La CJIP en matière environnementale a été introduite à l’article 41-1-3 du code de procédure pénale par la loi du 24 décembre 2020 relative au parquet européen, à la justice environnementale et à la justice spécialisée[3]. Elle permet au procureur de la République de proposer un accord à une société lorsque cette dernière est mise en cause pour un délit environnemental.
La peine d’amende encourue dans le cadre de cet accord peut atteindre 30 % du chiffre d’affaires de la société et la société peut également se voir imposer une peine de mise en conformité et une obligation de réparation du préjudice écologique causé dans un délai maximum de 3 ans.
Sous réserve de l’exécution de la CJIP, sa validation par le Président du Tribunal judiciaire acte la fin des poursuites.
En l’espèce, une enquête préliminaire était ouverte le 27 octobre 2018, et confiée par le parquet à la brigade de recherches de la gendarmerie maritime de Marseille, à la suite du contrôle effectué par le Centre de sécurité des Navire PACA-CORSE du combustible de propulsion à bord du navire de croisière MEIN SCHIFF 2 à son arrivée au port de Marseille. L’objectif de ce contrôle était de vérifier les émissions de soufre réalisées.
Les investigations ont permis d’établir que le navire en question utilisait un combustible dont la teneur en soufre était supérieure à 1,5 % en masse (seuil applicable) en Zone Economique Exclusive (ZEE) en Méditerranée.

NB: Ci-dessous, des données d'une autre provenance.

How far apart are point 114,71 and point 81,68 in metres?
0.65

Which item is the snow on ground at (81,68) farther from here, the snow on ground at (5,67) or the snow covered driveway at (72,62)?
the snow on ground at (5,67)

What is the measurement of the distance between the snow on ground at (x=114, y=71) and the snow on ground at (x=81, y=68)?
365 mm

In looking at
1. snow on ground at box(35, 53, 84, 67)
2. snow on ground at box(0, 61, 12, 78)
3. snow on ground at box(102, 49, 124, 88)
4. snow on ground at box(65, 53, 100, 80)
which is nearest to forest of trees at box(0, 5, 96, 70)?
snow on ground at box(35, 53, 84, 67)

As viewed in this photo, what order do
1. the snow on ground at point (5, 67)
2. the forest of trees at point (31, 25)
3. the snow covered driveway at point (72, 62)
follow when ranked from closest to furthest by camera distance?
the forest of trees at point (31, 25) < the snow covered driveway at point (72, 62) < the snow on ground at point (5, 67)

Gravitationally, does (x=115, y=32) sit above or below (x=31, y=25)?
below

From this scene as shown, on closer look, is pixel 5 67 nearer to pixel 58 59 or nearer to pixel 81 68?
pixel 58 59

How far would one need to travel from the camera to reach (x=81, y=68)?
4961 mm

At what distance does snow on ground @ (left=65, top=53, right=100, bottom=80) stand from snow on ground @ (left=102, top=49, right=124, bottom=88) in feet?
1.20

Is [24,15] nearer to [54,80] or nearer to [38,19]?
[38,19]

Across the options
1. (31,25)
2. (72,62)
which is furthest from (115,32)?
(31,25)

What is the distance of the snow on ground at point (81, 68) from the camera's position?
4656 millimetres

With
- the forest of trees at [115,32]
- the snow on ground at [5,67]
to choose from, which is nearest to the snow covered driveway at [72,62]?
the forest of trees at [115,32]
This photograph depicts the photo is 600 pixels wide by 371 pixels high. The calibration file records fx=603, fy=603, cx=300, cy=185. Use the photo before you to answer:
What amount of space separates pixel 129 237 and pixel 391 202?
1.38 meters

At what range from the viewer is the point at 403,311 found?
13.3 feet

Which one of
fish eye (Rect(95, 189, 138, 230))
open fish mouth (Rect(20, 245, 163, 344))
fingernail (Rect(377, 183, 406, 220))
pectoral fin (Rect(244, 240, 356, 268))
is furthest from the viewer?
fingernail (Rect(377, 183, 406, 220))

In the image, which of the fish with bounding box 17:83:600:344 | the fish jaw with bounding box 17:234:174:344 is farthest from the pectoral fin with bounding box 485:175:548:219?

Les faits étaient susceptibles de caractériser le délit d’utilisation, par un navire au-delà de la mer territoriale, de combustible dont la teneur en soufre est supérieure aux normes autorisées et constituant une pollution de l’air[4].

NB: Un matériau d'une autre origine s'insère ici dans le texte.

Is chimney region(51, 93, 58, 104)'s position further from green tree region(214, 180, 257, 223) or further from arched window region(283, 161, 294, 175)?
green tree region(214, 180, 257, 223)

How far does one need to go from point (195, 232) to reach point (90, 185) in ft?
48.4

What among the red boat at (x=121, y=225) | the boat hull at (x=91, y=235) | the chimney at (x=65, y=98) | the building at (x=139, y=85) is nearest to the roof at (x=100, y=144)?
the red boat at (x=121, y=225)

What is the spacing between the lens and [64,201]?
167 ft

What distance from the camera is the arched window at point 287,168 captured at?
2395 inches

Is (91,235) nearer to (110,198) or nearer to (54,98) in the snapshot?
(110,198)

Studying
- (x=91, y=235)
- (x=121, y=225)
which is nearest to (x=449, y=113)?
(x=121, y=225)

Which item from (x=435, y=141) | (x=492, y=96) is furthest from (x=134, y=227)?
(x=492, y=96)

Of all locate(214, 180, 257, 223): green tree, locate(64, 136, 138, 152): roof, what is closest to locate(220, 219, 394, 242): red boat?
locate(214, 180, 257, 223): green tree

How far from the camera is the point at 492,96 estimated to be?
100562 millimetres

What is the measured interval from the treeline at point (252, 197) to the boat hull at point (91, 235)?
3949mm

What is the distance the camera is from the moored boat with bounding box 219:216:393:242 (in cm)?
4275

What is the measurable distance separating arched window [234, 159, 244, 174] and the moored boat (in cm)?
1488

La société risquait une amende d’intérêt public d’au maximum 322.473 euros, soit 30 % de son chiffre d’affaires moyen, et le gain financier résultant de la différence de prix était estimé à 1.904,86 euros
Dans le cadre de la CJIP, ont été pris en compte les facteurs suivants :
- - Facteur majorant : nocivité des rejets d’oxydes de soufre dans l’atmosphère ;
- - Facteurs minorants :
- - Réaction rapide et instruction aux différents personnels concernés au sein des filiales ;
- - Actions de prévention et de compensation environnementale : intégration dans les procédures de l’exigence d’utilisation d’un combustible dont la teneur en soufre est inférieure au seuil fixé par la loi française en ZEE française en Méditerranée ;
- - Absence d’antécédents et de réitération.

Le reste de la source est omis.